Metal fume fever: specific clues to making the diagnosis.
Authors
Blanc PD; Boushey HA
Source
J Respir Dis 1992 Jan; 13(1):14
Link
NIOSHTIC No.
00233396
Abstract
The pathophysiology, diagnosis and treatment of metal fume fever were addressed in this clinical discussion. Metal fume fever was defined as a self limited syndrome characterized by a flu like illness most commonly occurring 4 to 8 hours after inhalation of zinc-oxide (1314132) (ZO) fume or dust.

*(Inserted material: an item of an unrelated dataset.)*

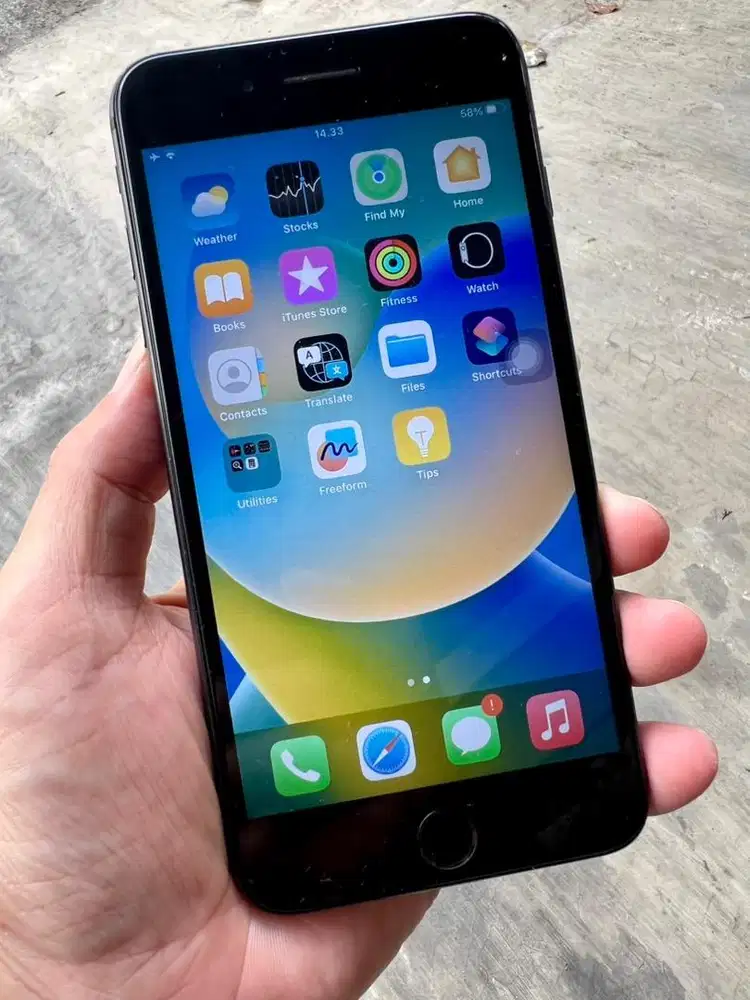 iphone 8 plus inter 64gb fullset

The population at risk according to an estimate made in 1975 included approximately 50,000 workers in the United States involved in foundry operations, welding of galvanized materials, brazing or flame cutting of brass or galvanized metal, and galvanizing. The only route of exposure causing metal fume fever is inhalation; ingestion, skin contact or parenteral administration do not cause the signs or symptoms of metal fume fever in humans. The pathophysiology of metal fume fever has not been elucidated, however evidence suggests that there is an underlying inflammatory response. The inhalation of ZO fumes has been shown to cause peripheral leukocytosis and a pulmonary inflammatory response documented by bronchoalveolar lavage; however, conflicting data exist on the effects of ZO exposure on pulmonary function. It was recommended that the diagnosis of metal fume fever be considered in any patient with a flu like illness 4 to 24 hours after even a brief exposure to ZO. The authors note that leukocytosis is the only consistent abnormal laboratory finding that distinguishes metal fume fever from other illnesses. The treatment of metal fume fever has been supportive and nonspecific. The authors conclude that metal fume fever can be avoided with appropriate ventilation and other workplace controls.